「你們………」
畢佳思沒有想到這兩個人敢這般對待她,讓一度自信的畢佳思瞬間皸裂。
畢佳思看著兩個保鏢直接將門給關上之後,頭也不回的離開,氣急了的畢佳思早已經忘記自己來這里的目的是什麼。
而唐糖卻並不會忘記畢佳思來這里的目的。
餐桌旁坐著的兩個人從畢佳思被叉出去之後,一直很安靜,也不知道是不是暴風雨前奏曲。
莫卿丞大氣不敢喘,他也不知道為何突然就心虛不已。
「莫總。」唐糖想了很久,終于打破了兩個人之間的寂靜。
「怎,怎麼了?」莫卿丞緊張兮兮的看著唐糖,時刻關注著唐糖表情的變化,以應對唐糖的所有反應。

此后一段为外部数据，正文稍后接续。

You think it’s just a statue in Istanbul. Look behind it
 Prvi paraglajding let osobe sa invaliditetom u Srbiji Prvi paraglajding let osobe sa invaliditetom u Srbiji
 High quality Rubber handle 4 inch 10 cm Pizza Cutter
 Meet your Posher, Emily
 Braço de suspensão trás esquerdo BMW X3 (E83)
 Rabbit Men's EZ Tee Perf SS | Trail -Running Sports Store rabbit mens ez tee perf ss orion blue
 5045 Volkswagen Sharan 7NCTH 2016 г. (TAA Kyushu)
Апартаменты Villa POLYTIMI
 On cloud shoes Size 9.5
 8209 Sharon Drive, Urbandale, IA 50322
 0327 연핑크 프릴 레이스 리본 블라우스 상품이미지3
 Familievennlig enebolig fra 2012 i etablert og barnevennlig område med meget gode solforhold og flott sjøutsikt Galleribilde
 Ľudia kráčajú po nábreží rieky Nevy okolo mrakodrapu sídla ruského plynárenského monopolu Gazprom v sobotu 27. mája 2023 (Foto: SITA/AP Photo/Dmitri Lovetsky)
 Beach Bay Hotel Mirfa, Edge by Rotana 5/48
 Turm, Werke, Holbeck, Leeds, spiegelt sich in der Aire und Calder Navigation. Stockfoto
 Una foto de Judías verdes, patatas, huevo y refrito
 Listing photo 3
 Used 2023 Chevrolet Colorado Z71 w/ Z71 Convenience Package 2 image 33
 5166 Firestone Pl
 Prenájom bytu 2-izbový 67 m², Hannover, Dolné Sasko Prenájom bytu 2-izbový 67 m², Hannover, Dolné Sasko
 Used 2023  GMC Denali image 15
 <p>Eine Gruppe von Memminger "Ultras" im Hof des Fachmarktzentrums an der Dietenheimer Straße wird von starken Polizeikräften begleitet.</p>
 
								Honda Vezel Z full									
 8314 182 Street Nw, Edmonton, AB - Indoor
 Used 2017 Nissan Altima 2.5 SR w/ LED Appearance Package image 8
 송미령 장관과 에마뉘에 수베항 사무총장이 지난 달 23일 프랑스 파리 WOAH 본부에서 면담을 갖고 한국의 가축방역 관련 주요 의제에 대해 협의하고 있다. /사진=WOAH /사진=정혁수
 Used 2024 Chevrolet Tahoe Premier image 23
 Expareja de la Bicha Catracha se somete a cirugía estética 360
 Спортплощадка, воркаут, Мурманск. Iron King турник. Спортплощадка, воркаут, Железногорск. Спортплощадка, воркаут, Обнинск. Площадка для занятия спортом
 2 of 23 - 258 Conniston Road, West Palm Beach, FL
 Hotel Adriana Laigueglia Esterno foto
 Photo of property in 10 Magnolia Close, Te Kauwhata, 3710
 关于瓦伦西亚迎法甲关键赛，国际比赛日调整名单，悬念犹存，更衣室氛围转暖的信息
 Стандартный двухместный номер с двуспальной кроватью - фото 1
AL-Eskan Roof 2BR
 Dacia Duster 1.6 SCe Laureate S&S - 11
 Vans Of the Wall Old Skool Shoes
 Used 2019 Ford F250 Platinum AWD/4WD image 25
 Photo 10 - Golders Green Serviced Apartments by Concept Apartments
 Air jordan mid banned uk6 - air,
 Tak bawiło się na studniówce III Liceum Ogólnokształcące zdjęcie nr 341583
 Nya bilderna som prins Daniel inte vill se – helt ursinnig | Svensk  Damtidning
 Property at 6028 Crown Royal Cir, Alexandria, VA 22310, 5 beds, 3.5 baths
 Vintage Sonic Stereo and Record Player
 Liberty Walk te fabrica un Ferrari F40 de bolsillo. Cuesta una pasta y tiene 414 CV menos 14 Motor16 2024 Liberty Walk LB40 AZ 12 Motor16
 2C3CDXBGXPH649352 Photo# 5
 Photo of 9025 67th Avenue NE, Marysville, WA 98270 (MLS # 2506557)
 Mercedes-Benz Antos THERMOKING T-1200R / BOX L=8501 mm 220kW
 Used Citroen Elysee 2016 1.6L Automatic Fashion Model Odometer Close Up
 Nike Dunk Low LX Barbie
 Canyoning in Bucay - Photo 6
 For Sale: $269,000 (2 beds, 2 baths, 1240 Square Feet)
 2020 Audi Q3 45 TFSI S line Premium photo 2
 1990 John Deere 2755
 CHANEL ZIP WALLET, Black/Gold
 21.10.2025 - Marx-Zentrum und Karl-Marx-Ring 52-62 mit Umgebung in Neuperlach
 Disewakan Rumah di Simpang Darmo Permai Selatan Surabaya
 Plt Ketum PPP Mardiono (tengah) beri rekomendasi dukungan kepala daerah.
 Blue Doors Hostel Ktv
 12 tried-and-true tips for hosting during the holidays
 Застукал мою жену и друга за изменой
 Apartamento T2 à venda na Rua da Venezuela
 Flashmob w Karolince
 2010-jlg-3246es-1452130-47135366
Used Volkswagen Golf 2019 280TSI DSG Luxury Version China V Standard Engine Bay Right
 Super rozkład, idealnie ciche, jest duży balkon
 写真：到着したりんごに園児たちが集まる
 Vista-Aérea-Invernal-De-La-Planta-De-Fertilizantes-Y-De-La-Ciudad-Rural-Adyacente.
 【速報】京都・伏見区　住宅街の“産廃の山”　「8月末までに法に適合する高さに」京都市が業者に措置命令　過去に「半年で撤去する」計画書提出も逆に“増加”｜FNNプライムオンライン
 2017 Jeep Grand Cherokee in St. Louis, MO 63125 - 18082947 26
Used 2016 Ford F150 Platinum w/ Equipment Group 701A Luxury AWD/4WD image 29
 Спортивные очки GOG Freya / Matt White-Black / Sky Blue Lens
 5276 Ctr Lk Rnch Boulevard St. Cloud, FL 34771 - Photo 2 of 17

「莫總,你怎麼人家給趕了出去?」唐糖抬起頭,狀若天真無邪的看著莫卿丞,然後眨巴著雙眼,繼續說道,
「她好像是來向你求救的,她爸爸好像出事了。」
莫卿丞看向唐糖澄澈的雙眼,心一下子就受到了一萬點的暴擊,此時此刻,腦海里,心里除了唐糖,什麼都沒了。
莫卿丞二話不說就將唐糖攏進懷里,「她爸爸怎麼樣,都跟我們無關,人心不足蛇吞象。」
唐糖听不懂,歪著頭,看著莫卿丞的下巴,然後抬起手拉了拉莫卿丞的衣服,「可是人命關天。」
莫卿丞真的是被唐糖給氣笑了,難道唐糖看不出來畢佳思剛剛對他的蔑視嗎?
雖然一開始錯的人是自己,但跟唐糖相處(睡了)一晚之後,莫卿丞覺得自己並不是那麼想要讓唐糖做一個替身。
「難道你不應該關心一下你老攻我嗎?」莫卿丞見唐糖還想要絮絮叨叨關于畢佳思的事,立刻就沉著臉,老大不高興的說道。
為了照顧唐糖,他已經兩天沒有好好上班了,不應該被關心嗎?難道糖糖不知道他的時間是以秒來計算的嗎?
「你有什麼好關心的………」說著,唐糖立即鬧了個大臉紅,揮起自己的小拳拳就砸向莫卿丞的胸膛,羞赧的說道,
「你才不是我的老攻呢,你個不要臉的!哼!」
「哦?我不是?你打算讓誰是?」莫卿丞無視唐糖捶在他身上的小拳頭,而是捏起唐糖的下巴,讓唐糖避無可避。
「反正不是你,放開我,你放開我!」唐糖很怕痛,莫卿丞又死死捏著他的下巴,不用想,肯定紅了,手印也一定很明顯。
「放開你?呵,放開你讓你去找野男人?做夢!」莫卿丞微微眯起雙眼,十分危險的緊緊盯著唐糖的雙眼,語氣十分惡劣。
「放開我,我疼,混蛋,你放開我,你快放開我。」唐糖臉部的痛覺神經很發達,讓他一度忽略了莫卿丞語氣里的不對勁。
莫卿丞被唐糖滴落的眼淚刺痛了雙眼,立馬松開手,像是犯了錯的孩子一樣,坐在原地,緊緊抱著唐糖,說什麼也不給唐糖掙月兌開。
「對不起,原諒我,好嗎?我不是故意的。」莫卿丞的暴虐脾氣這些年都有被他好好控制,只是剛剛又被唐糖給輕易的挑起。